Trusts of G M Rao, sons & son-in-law get equal control of GMR Holdings

25% each in the holding company to give them indirect control of 17.5% each in GMR Infra

Raghuvir Badrinath Bangalore
Shareholding in GMR Holdings, the apex decision-making body for the GMR group, including flagship publicly-held GMR Infra, has been divided equally among four key trusts — one each owned by Group Chairman G M Rao, his two sons and son-in-law.

The changed structure, executed through an off-market transfer after Sebi approval, means the four trusts get indirect control of 17.57 per cent each in GMR Infra, in which GMR Holdings has a 70.3 per cent stake.

The move to bring shared ownership has come within weeks of the apex body revamping its management structure by making Kiran Grandhi, Rao’s younger son, the corporate chairman. Now, Grandhi will be MD of GMR Infra and will lead key functions of group strategy and finance.

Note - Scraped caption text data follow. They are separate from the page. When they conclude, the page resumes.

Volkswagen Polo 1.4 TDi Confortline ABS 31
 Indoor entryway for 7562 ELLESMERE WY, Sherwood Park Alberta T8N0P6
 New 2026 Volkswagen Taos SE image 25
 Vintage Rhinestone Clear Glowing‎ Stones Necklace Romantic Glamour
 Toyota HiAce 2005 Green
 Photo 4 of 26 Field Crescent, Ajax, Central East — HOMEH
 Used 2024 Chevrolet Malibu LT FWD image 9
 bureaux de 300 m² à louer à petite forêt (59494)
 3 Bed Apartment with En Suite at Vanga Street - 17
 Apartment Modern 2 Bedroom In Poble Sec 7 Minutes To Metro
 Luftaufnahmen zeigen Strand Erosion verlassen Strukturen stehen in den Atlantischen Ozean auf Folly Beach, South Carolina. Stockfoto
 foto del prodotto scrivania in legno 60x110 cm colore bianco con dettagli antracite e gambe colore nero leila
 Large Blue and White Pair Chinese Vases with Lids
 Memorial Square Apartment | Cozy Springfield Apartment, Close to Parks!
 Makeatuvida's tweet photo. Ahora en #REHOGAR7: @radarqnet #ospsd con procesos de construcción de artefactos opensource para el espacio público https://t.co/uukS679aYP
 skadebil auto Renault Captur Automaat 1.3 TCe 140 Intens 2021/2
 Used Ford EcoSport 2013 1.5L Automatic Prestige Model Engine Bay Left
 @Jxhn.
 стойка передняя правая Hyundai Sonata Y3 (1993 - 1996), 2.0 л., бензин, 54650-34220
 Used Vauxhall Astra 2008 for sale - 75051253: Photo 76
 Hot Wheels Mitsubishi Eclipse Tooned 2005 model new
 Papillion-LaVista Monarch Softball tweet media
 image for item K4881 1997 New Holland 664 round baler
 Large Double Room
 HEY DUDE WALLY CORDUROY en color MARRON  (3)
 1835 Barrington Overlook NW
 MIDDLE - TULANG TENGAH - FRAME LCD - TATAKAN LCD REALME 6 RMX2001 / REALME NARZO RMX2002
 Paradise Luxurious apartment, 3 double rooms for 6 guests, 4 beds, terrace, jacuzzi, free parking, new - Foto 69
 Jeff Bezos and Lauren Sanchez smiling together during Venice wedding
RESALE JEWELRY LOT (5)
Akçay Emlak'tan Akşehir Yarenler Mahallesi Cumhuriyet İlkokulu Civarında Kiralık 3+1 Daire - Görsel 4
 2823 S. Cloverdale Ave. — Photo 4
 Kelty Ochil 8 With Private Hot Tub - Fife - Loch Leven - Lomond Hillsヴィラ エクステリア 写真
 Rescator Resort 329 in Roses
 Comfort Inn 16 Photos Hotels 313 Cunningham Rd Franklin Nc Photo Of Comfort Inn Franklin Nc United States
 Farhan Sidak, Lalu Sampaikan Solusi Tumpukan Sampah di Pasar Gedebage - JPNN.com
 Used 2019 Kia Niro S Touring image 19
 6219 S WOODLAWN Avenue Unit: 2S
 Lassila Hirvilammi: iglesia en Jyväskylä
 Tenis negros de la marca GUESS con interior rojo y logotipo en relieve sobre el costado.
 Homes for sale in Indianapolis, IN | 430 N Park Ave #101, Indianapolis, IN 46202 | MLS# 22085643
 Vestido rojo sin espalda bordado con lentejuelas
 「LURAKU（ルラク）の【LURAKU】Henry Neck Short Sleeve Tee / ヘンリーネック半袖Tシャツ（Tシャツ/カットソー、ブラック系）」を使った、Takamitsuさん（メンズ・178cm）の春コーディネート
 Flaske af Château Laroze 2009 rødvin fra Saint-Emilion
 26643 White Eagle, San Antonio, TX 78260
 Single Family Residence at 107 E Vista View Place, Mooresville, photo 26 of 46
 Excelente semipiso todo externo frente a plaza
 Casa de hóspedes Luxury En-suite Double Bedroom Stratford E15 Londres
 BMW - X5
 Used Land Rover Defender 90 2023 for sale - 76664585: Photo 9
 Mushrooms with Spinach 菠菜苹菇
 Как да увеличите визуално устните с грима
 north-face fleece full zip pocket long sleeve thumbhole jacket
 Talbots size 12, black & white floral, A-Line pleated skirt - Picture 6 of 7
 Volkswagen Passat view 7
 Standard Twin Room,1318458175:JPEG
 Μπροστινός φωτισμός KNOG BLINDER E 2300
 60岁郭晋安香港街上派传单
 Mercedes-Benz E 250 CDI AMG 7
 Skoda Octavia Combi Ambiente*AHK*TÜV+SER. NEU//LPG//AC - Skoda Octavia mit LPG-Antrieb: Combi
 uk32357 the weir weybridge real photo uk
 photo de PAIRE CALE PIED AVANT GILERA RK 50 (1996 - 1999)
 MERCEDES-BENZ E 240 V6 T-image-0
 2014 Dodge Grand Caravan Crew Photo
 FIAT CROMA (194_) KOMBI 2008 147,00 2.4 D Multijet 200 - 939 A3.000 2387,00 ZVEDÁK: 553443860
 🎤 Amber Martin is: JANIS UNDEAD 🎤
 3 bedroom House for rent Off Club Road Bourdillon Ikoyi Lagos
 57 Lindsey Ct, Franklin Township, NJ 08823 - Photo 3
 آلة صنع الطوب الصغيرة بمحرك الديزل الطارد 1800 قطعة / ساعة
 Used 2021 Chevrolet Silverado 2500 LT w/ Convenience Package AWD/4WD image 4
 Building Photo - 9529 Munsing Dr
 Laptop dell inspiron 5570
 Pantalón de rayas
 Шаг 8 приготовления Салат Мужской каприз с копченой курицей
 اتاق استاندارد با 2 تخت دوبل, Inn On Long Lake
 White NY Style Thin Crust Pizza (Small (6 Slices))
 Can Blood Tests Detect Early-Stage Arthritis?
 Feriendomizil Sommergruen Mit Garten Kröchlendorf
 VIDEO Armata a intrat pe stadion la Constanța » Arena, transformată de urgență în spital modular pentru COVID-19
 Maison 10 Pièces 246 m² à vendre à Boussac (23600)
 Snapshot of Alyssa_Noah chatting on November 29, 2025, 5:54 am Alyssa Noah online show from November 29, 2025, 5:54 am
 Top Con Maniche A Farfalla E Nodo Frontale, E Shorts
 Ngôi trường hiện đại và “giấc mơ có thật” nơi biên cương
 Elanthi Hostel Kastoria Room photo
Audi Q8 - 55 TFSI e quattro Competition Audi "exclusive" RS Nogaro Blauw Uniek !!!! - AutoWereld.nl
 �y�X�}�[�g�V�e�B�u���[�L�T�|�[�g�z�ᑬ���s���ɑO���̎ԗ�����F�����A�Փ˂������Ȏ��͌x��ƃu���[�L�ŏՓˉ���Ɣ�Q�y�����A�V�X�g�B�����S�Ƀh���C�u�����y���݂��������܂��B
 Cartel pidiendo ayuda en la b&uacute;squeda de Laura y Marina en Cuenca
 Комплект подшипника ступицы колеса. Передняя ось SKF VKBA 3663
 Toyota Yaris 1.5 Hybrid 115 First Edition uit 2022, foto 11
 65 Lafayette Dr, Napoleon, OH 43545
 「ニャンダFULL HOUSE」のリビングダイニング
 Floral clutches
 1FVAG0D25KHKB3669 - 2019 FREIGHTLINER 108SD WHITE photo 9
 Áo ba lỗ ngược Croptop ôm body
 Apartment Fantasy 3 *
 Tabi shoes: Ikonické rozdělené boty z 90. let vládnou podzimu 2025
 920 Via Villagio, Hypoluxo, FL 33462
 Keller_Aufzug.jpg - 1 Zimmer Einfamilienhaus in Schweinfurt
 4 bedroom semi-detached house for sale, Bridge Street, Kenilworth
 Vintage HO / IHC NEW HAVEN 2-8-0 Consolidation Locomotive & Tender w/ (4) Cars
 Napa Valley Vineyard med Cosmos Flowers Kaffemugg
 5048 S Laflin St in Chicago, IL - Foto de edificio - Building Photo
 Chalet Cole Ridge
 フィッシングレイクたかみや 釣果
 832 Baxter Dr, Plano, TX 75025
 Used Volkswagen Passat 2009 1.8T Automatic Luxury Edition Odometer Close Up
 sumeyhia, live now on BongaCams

Industry analysts tracking family businesses said many corporate houses in India had been experimenting with several permutations and combinations to institutionalise their organisation. GMR, they said, had been one of the few that were structuring their groups for the future in a very professional manner.

The GMR group has put in place an extensive family constitution, which clearly spells out various aspects, including the crucial succession plan, in which it has been aided by Rao’s long-time associate Prasad M Kumar, who is on the board of GMR Holdings as business chairman (institution building & governance) and has over 40 years of experience of working at diverse organisations in senior leadership and consulting positions.

In this role, he is responsible for providing strategic direction to institution building, corporate governance, sustainability, family office, emerging business, human resources, etc.

“This move to share GMR Holdings among the four trusts is certainly not part of a succession plan. It’s more of executing the family constitution of taking forward the agreed policies of co-ownership and partnership,” a senior GMR Group official noted.

GMR Group spokesperson said the process followed the agreed policies in the GMR family constitution. “The GMR family believes in good corporate governance, which can be achieved through family governance systems in family-owned businesses. The GMR family constitution is a sophisticated document, crafted participatively over several years, involving all senior family members. It lays down various governance policies aimed at institutional perpetuity of the family business.
This process emphasises the spirit of partnership and is not intended to accentuate rights and stakes,” the spokesperson added.

He further clarified the shares transferred to the four trusts were those of the holding company, GMR Holding, which was a private limited firm, so its shares were not freely transferable in terms of the articles of association and according to the provisions of the Companies Act.